Ouvrir les yeux sur les limites de l’État, stigmatiser ses échecs répétés, pointer ses contradictions, ce n’est pas plaider pour l’anarchie − l’absence d’État

 

Les lois de la défaillance publique sont aussi celles de l’affaiblissement démocratique. À l’heure où l’impasse financière de la dette publique nous oblige à repenser la place de l’État dans nos sociétés et où les prises de positions politiques se cristallisent autour de la question du maintien ou du recul de l’intervention publique, il est urgent de rappeler les grands apports des recherches et réflexions concernant le fonctionnement réel de la décision publique.

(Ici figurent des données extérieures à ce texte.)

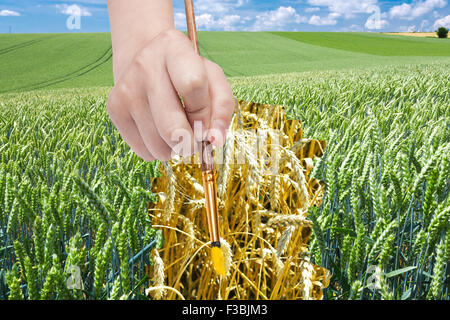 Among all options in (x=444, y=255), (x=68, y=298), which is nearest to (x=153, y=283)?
(x=68, y=298)

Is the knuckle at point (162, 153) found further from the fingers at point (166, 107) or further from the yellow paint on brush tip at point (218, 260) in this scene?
the yellow paint on brush tip at point (218, 260)

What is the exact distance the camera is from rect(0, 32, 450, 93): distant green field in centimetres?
→ 1043

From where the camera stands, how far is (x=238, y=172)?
19.7 inches

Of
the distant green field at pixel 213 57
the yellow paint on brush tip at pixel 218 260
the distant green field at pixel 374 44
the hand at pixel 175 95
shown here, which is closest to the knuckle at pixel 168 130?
the hand at pixel 175 95

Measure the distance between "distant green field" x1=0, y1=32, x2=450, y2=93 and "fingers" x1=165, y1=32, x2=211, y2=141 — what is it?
913 centimetres

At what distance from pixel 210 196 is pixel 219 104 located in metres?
0.12

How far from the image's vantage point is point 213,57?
14.5 m

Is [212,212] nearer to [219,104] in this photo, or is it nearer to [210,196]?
[210,196]

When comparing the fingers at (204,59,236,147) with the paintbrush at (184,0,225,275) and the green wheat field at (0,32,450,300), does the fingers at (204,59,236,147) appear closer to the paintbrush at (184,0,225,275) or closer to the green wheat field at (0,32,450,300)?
the paintbrush at (184,0,225,275)

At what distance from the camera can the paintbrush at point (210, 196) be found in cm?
35

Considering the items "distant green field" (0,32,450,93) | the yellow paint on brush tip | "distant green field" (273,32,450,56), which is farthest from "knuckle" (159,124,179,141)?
"distant green field" (273,32,450,56)

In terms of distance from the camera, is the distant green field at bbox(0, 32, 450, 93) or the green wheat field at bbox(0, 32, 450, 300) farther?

Si le constat est implacable, il n’exprime pas pour autant une résignation. Ouvrir les yeux sur les limites de l’État, stigmatiser ses échecs répétés, pointer ses contradictions, ce n’est pas plaider pour l’anarchie − l’absence d’État. Le but d’une telle démarche n’est pas de décrédibiliser la politique, ni d’en éloigner encore plus le citoyen, mais au contraire de la racheter et de la rapprocher de nous. Au prix de réformes relativement simples, des garde-fous peuvent être mis en place qui préviendront les plus graves dérives. Les défaillances de l’État ne sont pas une fatalité. Mais elles ne pourront être empêchées que si le constat initial que l’on formule est exact, comme un traitement médical dépend de la pertinence du diagnostic.

Décrire les manquements de l’État, ses biais, est précisément la meilleure − et la seule − façon de leur apporter des solutions efficaces et de restaurer la démocratie. Nous sommes bien loin de la vision romantique d’une classe politique absorbée dans la recherche de l’intérêt général et d’une administration entièrement préoccupée de fournir le meilleur service public possible. Renoncer à ce romantisme, comme y invitait Buchanan, est le meilleur moyen de préserver − retrouver ? − les services réels que l’État rend à la société.